**PROBLEM REQUIREMENTS:** Would you repeat the whole listing exactly, pictures excluded?

**COLLECTED DATA:**
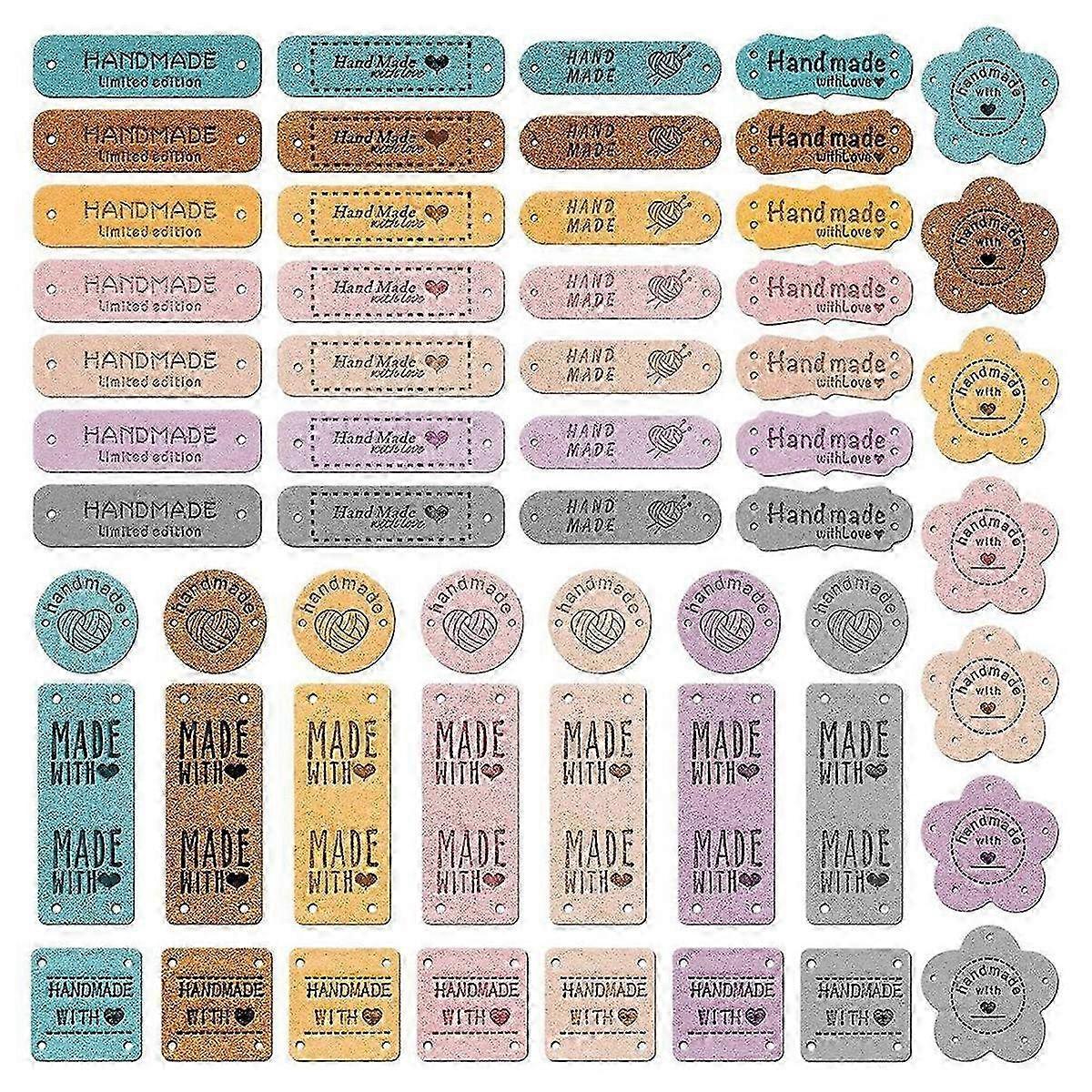 56pcs Handmade Leather Labels for Crochet & Crafting - Customizable Tag Set for DIY Projects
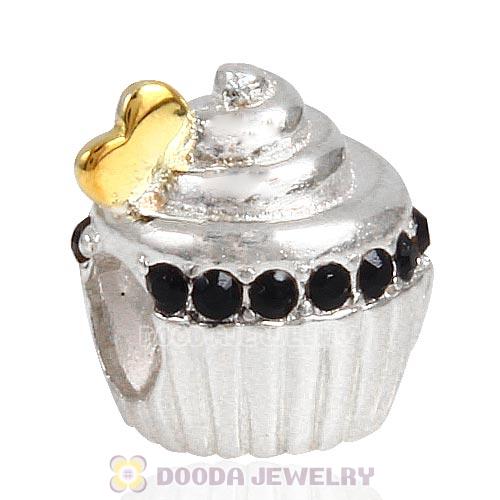 Sterling Silver Golden Heart Cupcake Bead with Jet Austrian Crystal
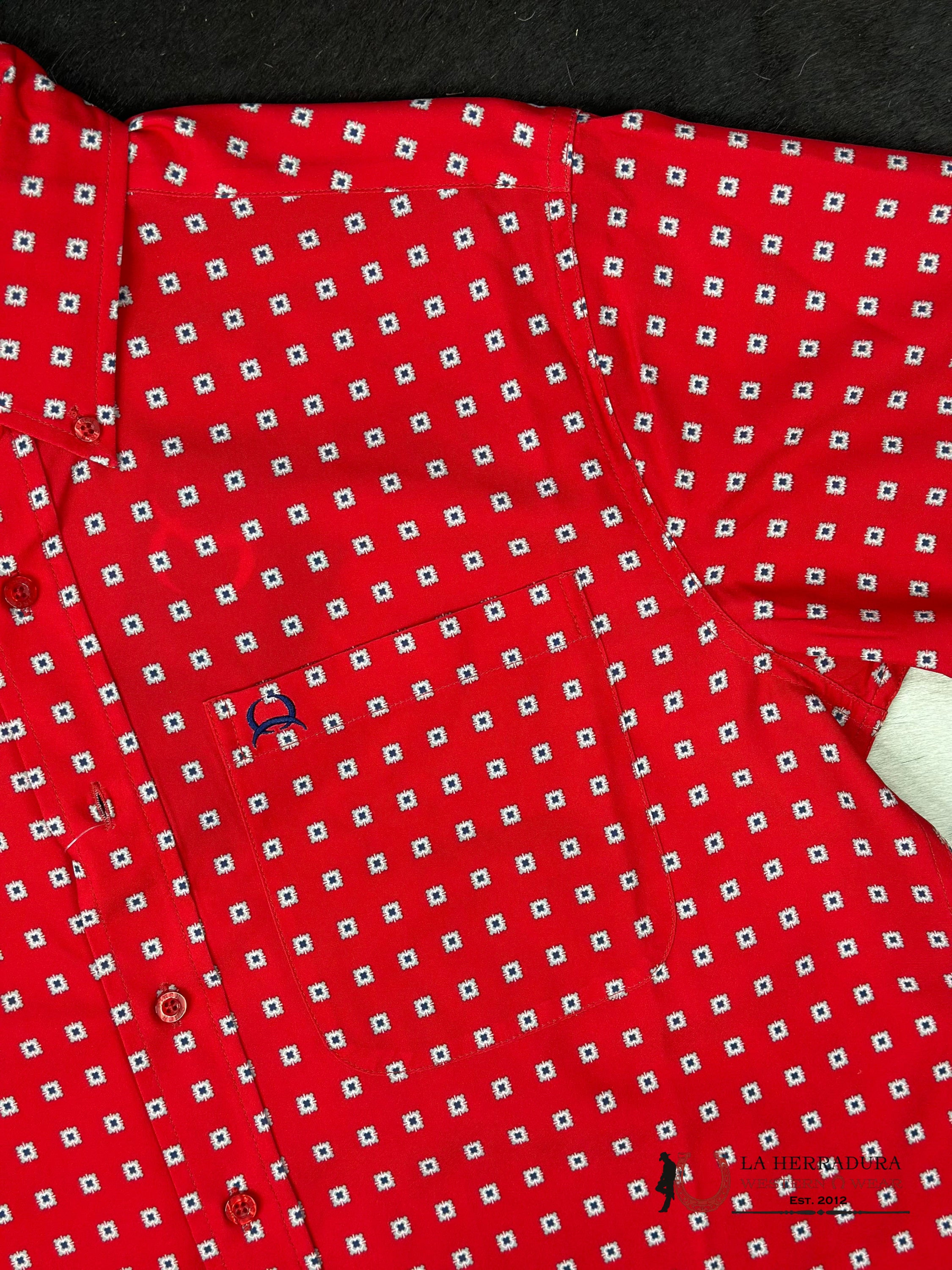 Cinch Red Print Button Up Short Sleeve Ropa Hombres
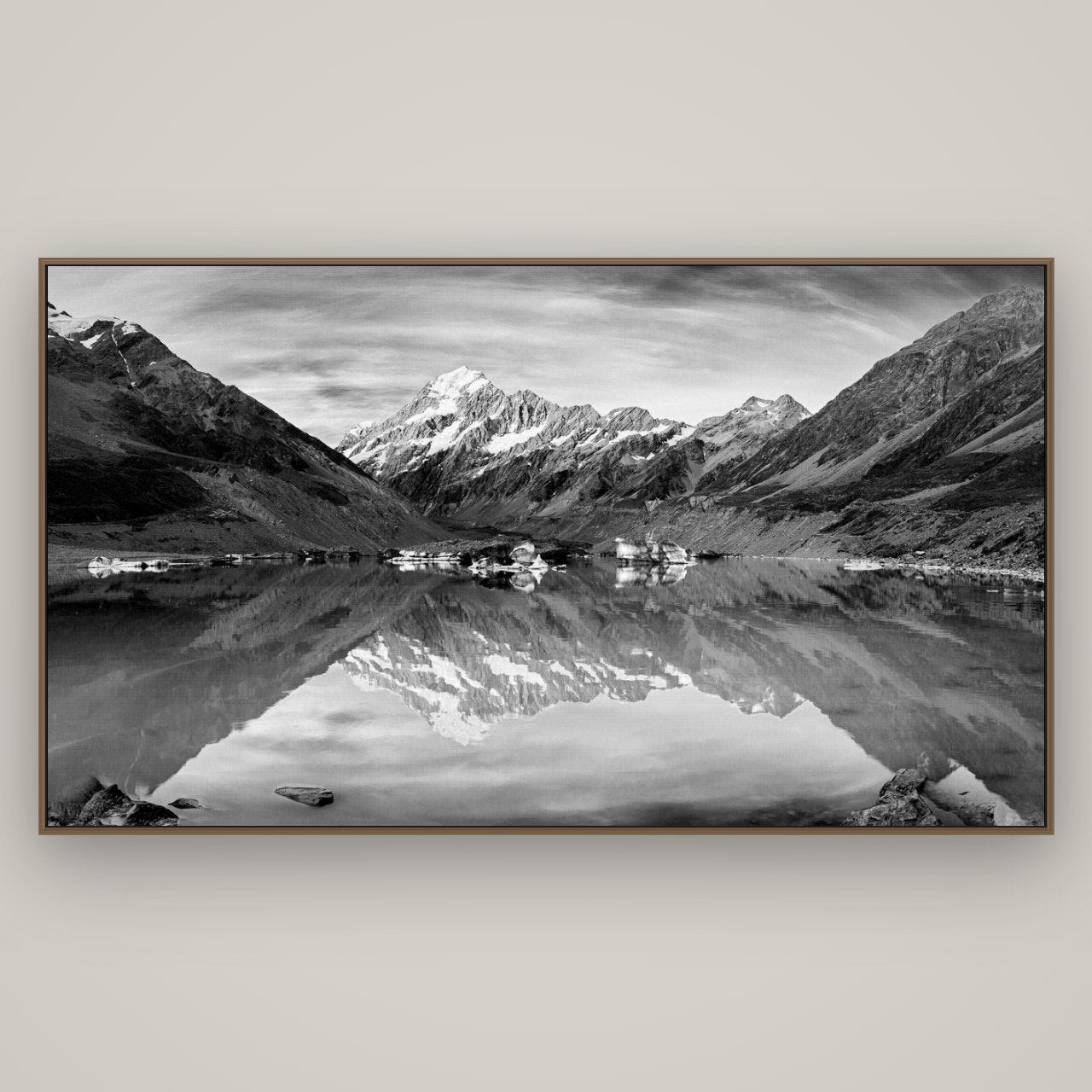The Mirror Peak, Mount Cook, Basel Walnut, 196×110 cm. New Zealand fine art wall art by Stephen Milner.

**SOLUTION FOR THIS TASK:**
 56pcs Handmade Leather Labels for Crochet & Crafting - Customizable Tag Set for DIY Projects
 Sterling Silver Golden Heart Cupcake Bead with Jet Austrian Crystal
 Cinch Red Print Button Up Short Sleeve Ropa Hombres
The Mirror Peak, Mount Cook, Basel Walnut, 196×110 cm. New Zealand fine art wall art by Stephen Milner.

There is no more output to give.